Pros (for U.S. Stakeholders) and Consumer Impacts
Impact on Swiss Watches (Timepieces)
U.S. was Switzerland’s largest watch market, with ~$5.4 billion in exports in 2024. Tariffs likely push retail prices sharply up: e.g., Rolex Submariner might increase from ~$10,000 to nearly $14,000 in the U.S.. Consumers may shift to the pre‑owned secondary market, which could rise 10–35% in price, being unaffected by duties. Retailers face tough choices: absorb costs or pass them on; both outcomes squeeze margins or reduce demand.
Effects on Swiss Chocolate
Swiss SMEs (small‑medium enterprises) export ~7% of Swiss chocolate to the U.S.. Effective cost increases for these firms could reach ~50% when combined with currency shifts ($1 ≈ 1.23 CHF). They’ll likely pass most of the tariff to U.S. consumers, leading to higher retail prices. Multinationals like Lindt and Nestlé can offset more easily using U.S. production lines, but artisanal Swiss brands cannot they may suffer sales drops or withdraw from U.S. markets.
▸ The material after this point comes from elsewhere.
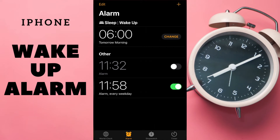Hey! How to turn off Sleep Wake Up alarm? If we have another alarm, it's very simple.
Impact on Skincare & Beauty Products
Swiss beauty brands (e.g. La Prairie, Valmont, Mavala) pride themselves on Swiss-made provenance; tariffs would raise retail prices significantly. Companies less tied to Swiss manufacturing (e.g. Galderma/Cetaphil) may see limited impact. 39% tariffs vastly exceed typical duty levels (10–15%) that brands can absorb without harming margins or demand.
Cons & Drawbacks (for Consumers)
Higher Consumer Prices: Importers pass tariffs along likely adding 40–55% to sticker prices.
Reduced Choice: Small Swiss brands may stop exporting, limiting product variety in U.S. stores.
Inflation Pressure: Tariffs drive up overall inflation by increasing costs on imported goods, sometimes beyond the tariff itself due to margin maintenance policies.
Supply Disruptions: Retailers may delay launches or reorder patterns, causing longer wait times for premium Swiss goods.